No obstante, es cierto que llevo un buen verano. No sé por qué, en los últimos años, el mes de agosto había sido para mí una especie de cárcel. Odio el calor, las aglomeraciones, esa especie de obligación de estar de vacaciones quieras o no y la lentitud con la que va todo; todo está cerrado, todo tiene que esperar a septiembre para que se reactive (septiembre sí que es un mes que me encanta, ¡nuevos comienzos!).
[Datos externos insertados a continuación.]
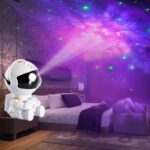 Siddende astronaut stjernehimmel lampe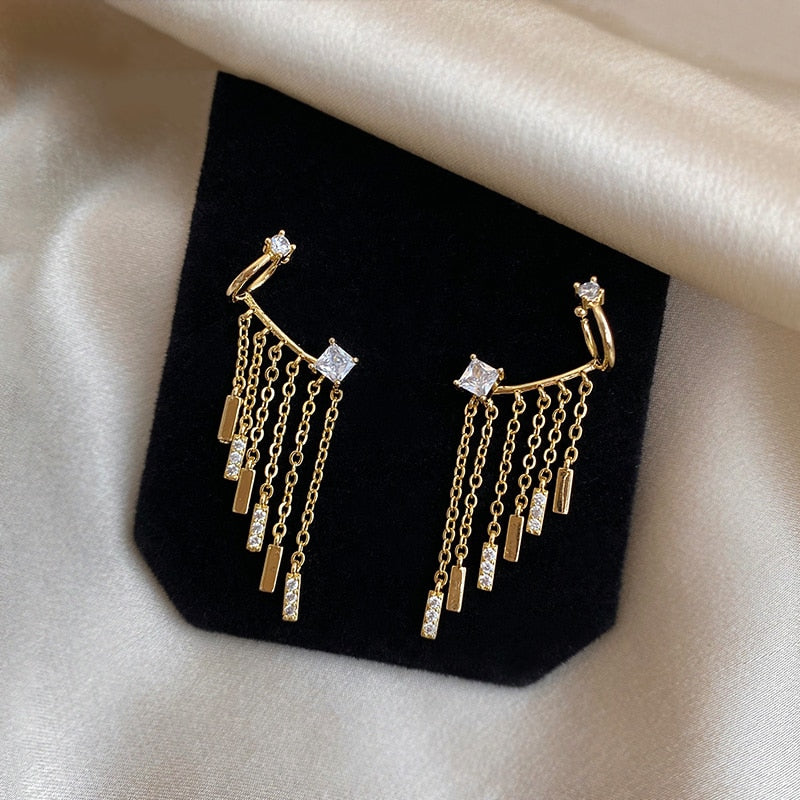 Gold Charm Earring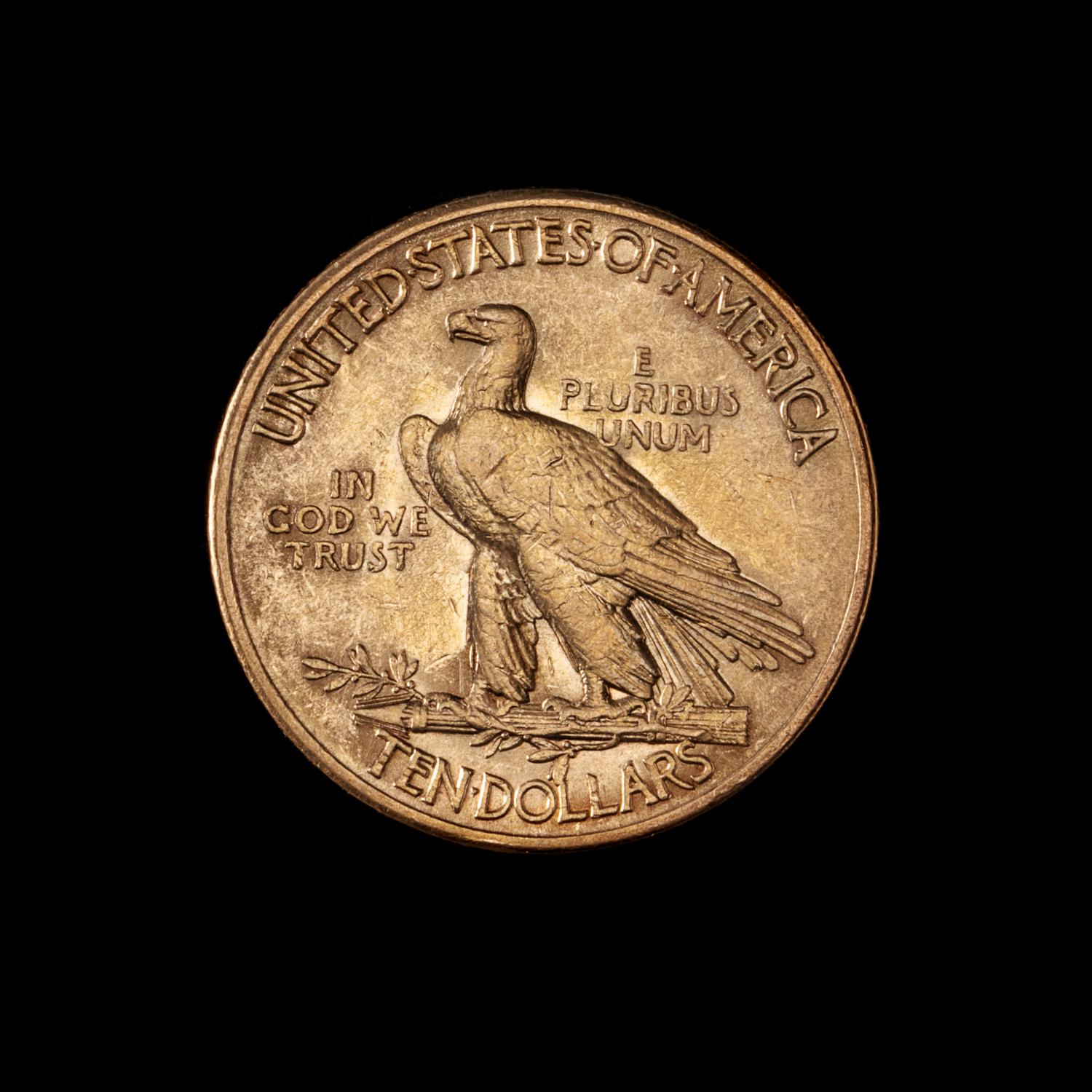 A United States 1915 Indian Head $10 Gold Coin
Por eso en agosto solía estar muy mal de ánimo, muy abatida y sin ganas de hacer nada de nada, solo de estar recluida en casa.
Y este año, el primer verano con mi hija, estoy agotada, siento que mi cuerpo no da más de sí, que no tengo tiempo de nada… ¡pero estoy feliz! :D Supongo que es el milagro de los niños. Trabajo, agotamiento, exigencias, demandas constantes, hacerlo todo planificado, deprisa y con condiciones, ¡hasta ir al baño!, y una felicidad tan inmensa que no te cabe en el pecho.